セオ様はきっと、愛する人ができたら、その人をこうやって大切にするのだろう。
……ああ、いいなぁ。
今わたしにしていることを、この先ほかの誰かにもするのかな。
そう考えたらまた胸が軋んだ音を立てた。
見上げた彼は険しい顔つきをしていたが、わたしの視線に気づくと安心させるようににこりとする。その微笑みが優しくて、愛しまれているような錯覚に陥る。本当にずるい。
その笑顔の裏で、わたしのお弁当を捨てるような冷淡な顔も持ち合わせていると思うと、素直に微笑み返せずに目を伏せた。
恋するだけならば楽なのに。目に見える綺麗な表面だけを見つめて、彼の素敵なところをひとつずつ並べては浮かれていればいい。
好きになってもらうためには、愛されるためには、相手の綺麗じゃない裏側までもすべて受け止めなければならないのだろうか。
思えばわたしは、元々誰かのことを嫌いになったことがほとんどない。周囲の人に恵まれていたということもあるが、そんな強い感情を抱けるほどの関係を誰とも築いて来なかったということでもある。
生まれ育ったのが田舎だったこともあり、両親ものんびりとしたおおらかな気質だった。今家にどれだけのお金が残っているか把握していないのに、借用書なしであるだけお金を貸してしまい、挙句貸したことさえ忘れてしまうような呆れた父と母だ。兄様がしっかりするはずである。
金銭感覚はずれているが、質素な生活でも仲睦まじく暮らしている。親としては問題あるが、ふたりのような仲のいい夫婦関係にはずっと憧れがあった。
それって結構すごいことだったのだと、ここに来てはじめて思い知らされた気分だ。
「すぐに着くからね」
声をかけられて我に返った。
考えごとをしている場合ではない。
病気でないと言い出せなかったわたしは、一秒後には医務室へと運び込まれていた。
医務室では正直に寝不足であると恐縮しながら白状すると、体が温まり眠りに入りやすくなるという薬草を処方してもらえた。

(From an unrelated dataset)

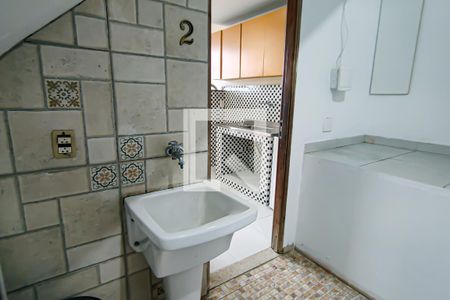 Apartamento à venda com 268m², 8 quartos e 6 vagassuite 2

強い薬には抵抗があるが、これなら依存性もなく、自然由来なので効くかどうかは別としても、安心して使えそうだったのでほっとした。
それはセオ様も同じだったらしく、わたしの頭を撫でる手から安堵が伝わって来た。
「よかった、大したことなくて」
「ありがとうございます、気を遣っていただいて」
普通に話せているだろうか。医務室を出ると、前よりもほんの少しだけ距離を空けて、肩を並べながら寮まで歩く。
セオ様は鈍感な人ではない。なにか感じ取っているようだったが、その距離を無理やり詰めようとはしなかった。
会話が途切れ、長い沈黙が降りてしばらく、寮へとたどり着いたところでようやく、セオ様は深刻そうな面持ちで口を開いた。
「実は、アリッサに謝らないといけないことがあるんだ……」
どきりとした。
とうとう恐れていた事態が訪れてしまったのかと内心気が気じゃない。
さっきまでどうやって呼吸をしていたのかわからないくらい、鼓動が早くなって息苦しい。
別れてほしい。そう言われたら、どう答えればいいのだろう。すんなりと物分かりよく、わかりました、とは言えそうにない。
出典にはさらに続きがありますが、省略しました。